In Nature Aging, researchers have published the creation of a new clock that uses multiple metrics to evaluate biological aging.

What’s worth measuring?

Multiple metrics have been used to measure aging. The most commonly known in the literature are the epigenetic clocks, such as GrimAge and PhenoAge, but those are not the only sources of information. For many decades, people have been attempting to build clocks based on physical analysis in rodents [1] and people [2], an effort that continues to this day [3].

Some clocks are meant to estimate biological age [4], while others are built around determining how likely it is that an organism will die within a certain timeframe [5]. The latter are often correlated with markers of specific risks, such as cardiovascular risks, but are more geared towards predicting all-cause mortality.

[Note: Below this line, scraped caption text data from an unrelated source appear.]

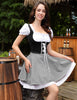 Oktoberfest Dirndl Kostüm Set mit Schürze im Biermädchen-Stil
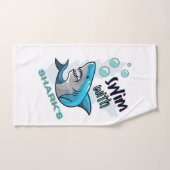 zwemmen met haaien bad handdoek (Handdoek)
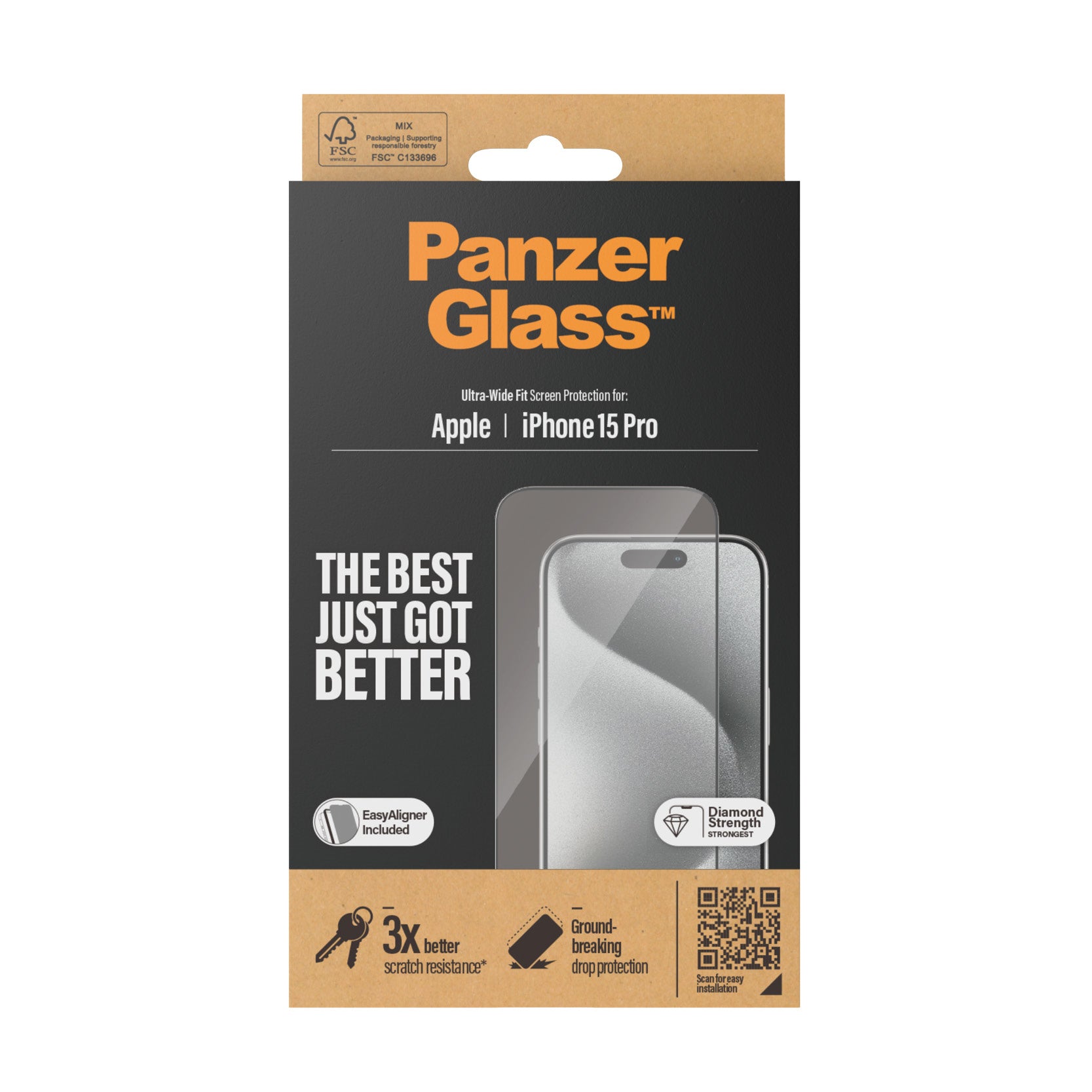 PanzerGlass iPhone 15 Pro UWF wA - billede 3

Many methylation-based clocks are built around clinical features, but these researchers have decided to go straight to the source instead, focusing on clinical clocks, which directly measure clinical metrics intead of epigenetic one. Becaue the number of metrics that can be derived from any one individual is very large, this team prioritized focusing on combining them into principal components (PCs), which are often used to analyze large data sets.

Proving the concept

After removing incomplete information, this study used data from just under 1,800 people in the 1999-2000 cohort of the widely referenced NHANES database, and they tested it on just over 2,000 people in the 2001-2002 NHANES cohort to demonstrate its validity. Starting with 165 clinical parameters, the team was able to use an algorithm to compress them into 18 PCs that the team could use to predict all-cause mortality, calculating men and women separately. They used this prediction as their basis for a clock that estimates biological age (PCAge), which, unsurprisingly, was closely correlated with chronological age.

People with lower PCAge estimates had longer telomeres, faster walking speed, and better cognitive performance than people with higher estimates but the same chronological age. Compared to the ASCVD, a widely used measurement of estimating cardiovascular risk, PCAge was found to be a better predictor of mortality and was less sensitive to noise in the data. The researchers also found that PCAge was more useful in predicting survival than the PhenoAge clock.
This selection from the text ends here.